Your task is to return the listing below word for word, without any of its images.

STORED DATA –
-=-=-

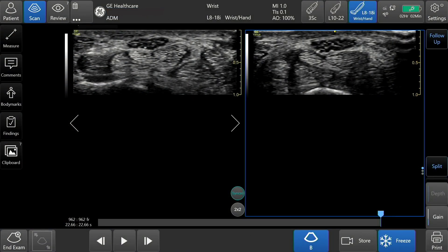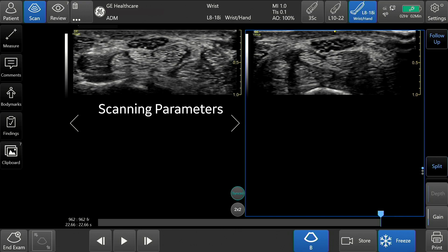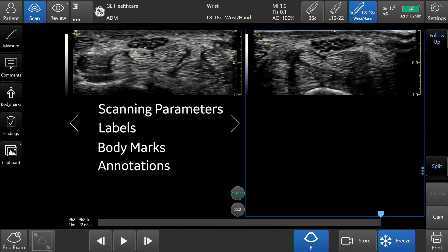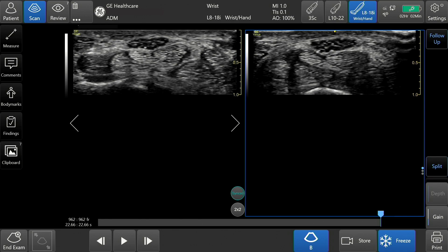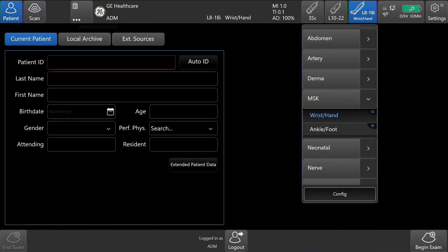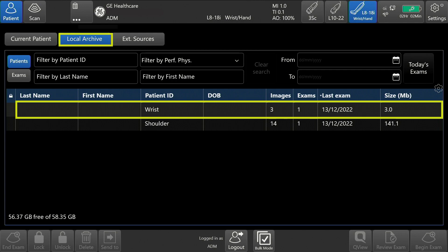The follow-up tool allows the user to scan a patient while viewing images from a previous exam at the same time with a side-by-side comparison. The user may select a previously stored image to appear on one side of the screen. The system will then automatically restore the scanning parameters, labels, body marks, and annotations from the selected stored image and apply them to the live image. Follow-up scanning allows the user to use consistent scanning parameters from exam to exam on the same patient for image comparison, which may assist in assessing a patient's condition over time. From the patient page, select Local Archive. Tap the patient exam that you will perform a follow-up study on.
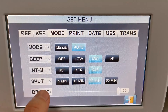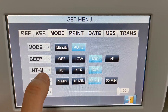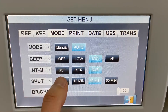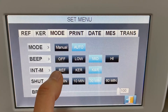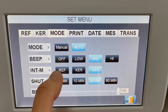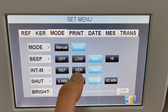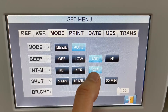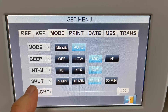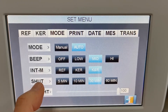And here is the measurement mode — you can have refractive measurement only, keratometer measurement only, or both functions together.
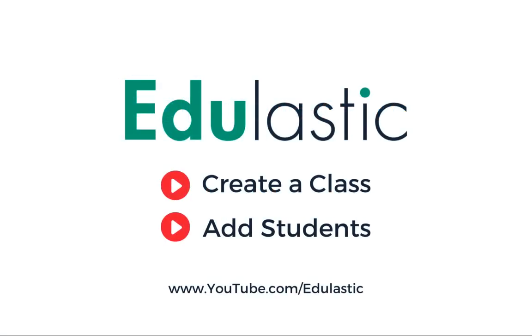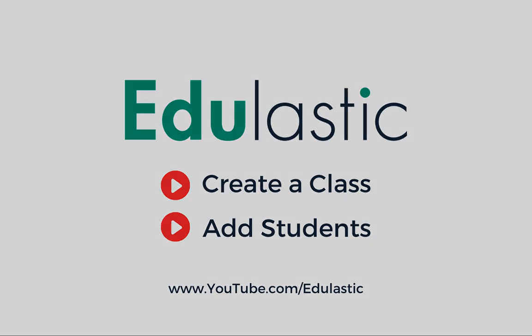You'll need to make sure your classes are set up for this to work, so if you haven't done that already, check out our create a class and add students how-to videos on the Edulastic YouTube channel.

-=-=-

RESPONSE –
The follow-up tool allows the user to scan a patient while viewing images from a previous exam at the same time with a side-by-side comparison. The user may select a previously stored image to appear on one side of the screen. The system will then automatically restore the scanning parameters, labels, body marks, and annotations from the selected stored image and apply them to the live image. Follow-up scanning allows the user to use consistent scanning parameters from exam to exam on the same patient for image comparison, which may assist in assessing a patient's condition over time. From the patient page, select Local Archive. Tap the patient exam that you will perform a follow-up study on.
And here is the measurement mode — you can have refractive measurement only, keratometer measurement only, or both functions together.
You'll need to make sure your classes are set up for this to work, so if you haven't done that already, check out our create a class and add students how-to videos on the Edulastic YouTube channel.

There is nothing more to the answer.